New England Revolution le pegó un cachetazo al Chicago Fire y llega a la gran final

FOXBOROUGH, Mass. Taylor Twellman clavó un pie en su campo y el otro en el de enfrente. Flexionó las rodillas y echó el torso hacia atrás, con la mirada fija en el cielo, más rojo y blanco que nunca. Cerró los puños, tensó todo el cuerpo y dejó huir, sin esfuerzo, un alarido, de frente a la doble bandeja de plateístas, invitados especiales y periodista… Enseguida lo cubrieron. Se le subieron encima dos, tres compañeros, gritaron con él… eran los 38 del primer tiempo.
La principal razón de un único triunfo. Un triunfo en casa. El de New England Revolution sobre New England Revolution. El que le sirvió, en definitiva, para ganarle al Chicago Fire con sus estrellas. Descargó allí, en la mitad misma de la cancha, bronca y felicidad, rabia y alegría. Dejó al descubierto, en un segundo de explosión, todo lo que habían hecho para llegar a eso: para oponer la franja roja a la misma altura de la ciudad de los vientos, para jugar de igual a igual y también romper el equilibrio, para acabar con los fantasmas, más propios que de nadie.
Los de afuera lo entendieron, parece.
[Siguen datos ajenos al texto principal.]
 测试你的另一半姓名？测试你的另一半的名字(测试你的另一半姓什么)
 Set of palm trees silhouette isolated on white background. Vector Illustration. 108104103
Y se sumaron a la fiesta de haberle ganado al que dejo en el camino al DC United en su propia casa, que más que eso. Por la forma en que lo hicieron, por lo que prometen hacer…
Ese gol de media chilena de Twellman (al propio estilo sudamericano) acabó con los espejismos. Con la pelota en su poder, el equipo revolucionario volvió a ser el controlador del partido. Desde el fondo, el caudillo desconocido Michael Parkhurst pegó los gritos –a veces demasiado cargoso- y la cosa se reordenó tal como había empezado. Entonces, todo fue darle cuerda a la ilusión…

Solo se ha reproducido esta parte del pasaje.